Zbigniew Suchecki dołączył do Lotosu Wybrzeże Gdańsk w środku sezonu, jednak mimo wszystko utożsamia się już z tą drużyną i ma świadomość, że dzięki niej wypłynął na szerokie wody. - Jest ciężko. W Gdańsku przelatałem pół sezonu, może mniej, ale związałem się z tym klubem i bardzo chciałem, żebyśmy się utrzymali. Póki co boli i bardzo szkoda - powiedział Suchy tuż po meczu.
Duży wpływ na wynik spotkania miał trzynasty wyścig, w którym wykluczony został Krystian Pieszczek. Podczas gdy 17-latek upadał, Suchecki jechał obok niego. - Miałem dokładny widok na tę sytuację, bo wyszliśmy na 5:1. Widziałem go po lewej stronie, więc pojechałem trochę szerzej. Nagle zobaczyłem, jak wpakował się w niego z krawężnika Sebastian Ułamek. Gdyby wyprzedził go normalnie, to nie byłoby awantury. Bezpardonowo go ściągnął, a w regulaminie sportu żużlowego jest jasno napisane, że nie powinno się tak atakować zawodnika, którego się wyprzedza - zauważył.

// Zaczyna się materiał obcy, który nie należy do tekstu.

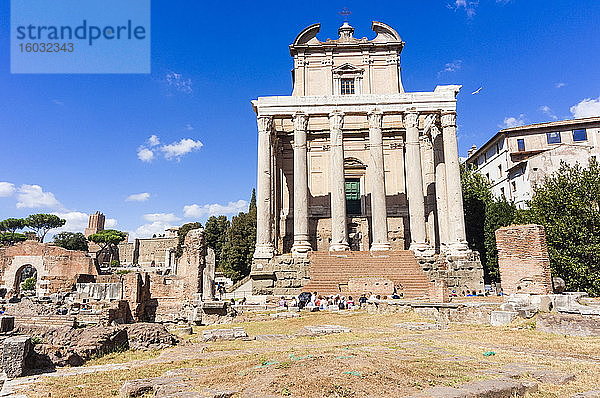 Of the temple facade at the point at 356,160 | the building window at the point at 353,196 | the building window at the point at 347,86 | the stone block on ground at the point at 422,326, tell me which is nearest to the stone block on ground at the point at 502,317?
the stone block on ground at the point at 422,326

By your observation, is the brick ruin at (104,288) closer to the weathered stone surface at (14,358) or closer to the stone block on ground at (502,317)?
the weathered stone surface at (14,358)

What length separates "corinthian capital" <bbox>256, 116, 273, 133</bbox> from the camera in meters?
28.2

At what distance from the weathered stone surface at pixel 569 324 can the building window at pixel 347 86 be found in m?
25.8

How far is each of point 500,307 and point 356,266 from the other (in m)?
10.8

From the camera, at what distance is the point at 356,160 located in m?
33.8

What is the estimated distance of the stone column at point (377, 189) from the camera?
87.0ft

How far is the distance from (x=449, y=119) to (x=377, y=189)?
263 inches

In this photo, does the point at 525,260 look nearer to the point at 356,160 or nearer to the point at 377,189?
the point at 377,189

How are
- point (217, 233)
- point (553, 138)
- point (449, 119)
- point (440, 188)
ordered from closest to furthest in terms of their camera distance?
1. point (449, 119)
2. point (440, 188)
3. point (553, 138)
4. point (217, 233)

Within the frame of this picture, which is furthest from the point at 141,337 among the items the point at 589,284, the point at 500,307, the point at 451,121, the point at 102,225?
the point at 102,225

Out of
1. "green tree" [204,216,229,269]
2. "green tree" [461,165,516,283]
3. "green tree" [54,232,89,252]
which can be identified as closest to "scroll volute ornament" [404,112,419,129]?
"green tree" [461,165,516,283]

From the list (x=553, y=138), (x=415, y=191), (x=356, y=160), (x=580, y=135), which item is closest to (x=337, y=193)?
(x=415, y=191)

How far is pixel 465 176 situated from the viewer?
41.2m

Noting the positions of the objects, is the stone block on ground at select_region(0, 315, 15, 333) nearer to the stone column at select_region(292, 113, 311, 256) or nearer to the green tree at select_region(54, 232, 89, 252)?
the stone column at select_region(292, 113, 311, 256)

Wreszcie na gdańskich trybunach przyszło więcej osób. Jak dotąd wypożyczony z klubu z Zielonej Góry żużlowiec nie miał okazji startować na Stadionie im. Zbigniewa Podleckiego w czerwono-biało-niebieskich barwach w takiej atmosferze. - Atmosfera była naprawdę super i kibice dodawali nam skrzydeł. Szkoda tego, że spadliśmy. W ostatnim biegu zrobiłem wszystko, aby wyprzedzić rywali i to mi się udało. Mimo wszystko troszeczkę nam zabrakło. Też trochę się gubiłem, punkty uciekały i mi i innym zawodnikom. Szkoda - dodał zmartwiony Suchecki.

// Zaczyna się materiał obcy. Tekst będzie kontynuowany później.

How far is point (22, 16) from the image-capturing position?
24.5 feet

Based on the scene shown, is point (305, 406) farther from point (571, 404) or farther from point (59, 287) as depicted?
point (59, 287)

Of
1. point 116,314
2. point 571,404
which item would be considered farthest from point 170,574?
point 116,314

Lotos Wybrzeże Gdańsk spadł z ligi, jednak nasz rozmówca liczy na kontynuację jazdy w tym klubie. - Jak najbardziej chcę zostać w Gdańsku, bo działacze mnie bardzo ciepło przyjęli. Dobrze czuję się z kibicami, trenerem i zawodnikami. Wszystko było na najwyższym poziomie. Miałem super warunki i nie pozostało mi nic innego, jak tylko dobra jazda. Cieszę się z własnej dyspozycji, że w ogóle miałem okazję tutaj jeździć. Bardzo chciałem, żebyśmy nadrobili punkty. Nie udało nam się to i jest ciężko - zakończył.
Suchecki chce dalej jeździć w Wybrzeżu
Zbigniew Suchecki po niedzielnym spotkaniu mocno przeżywał spadek Lotosu Wybrzeże do I ligi. Zadeklarował chęć jazdy w gdańskim klubie w kolejnym sezonie.